* [TO DO]
Each of the lines below must be written out exactly as shown.

* [SOURCE MATERIAL]
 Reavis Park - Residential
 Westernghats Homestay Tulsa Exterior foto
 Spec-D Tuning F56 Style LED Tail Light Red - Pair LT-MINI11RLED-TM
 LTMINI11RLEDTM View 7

* [ANSWER TO THE PROBLEM]
 Reavis Park - Residential
 Westernghats Homestay Tulsa Exterior foto
 Spec-D Tuning F56 Style LED Tail Light Red - Pair LT-MINI11RLED-TM
 LTMINI11RLEDTM View 7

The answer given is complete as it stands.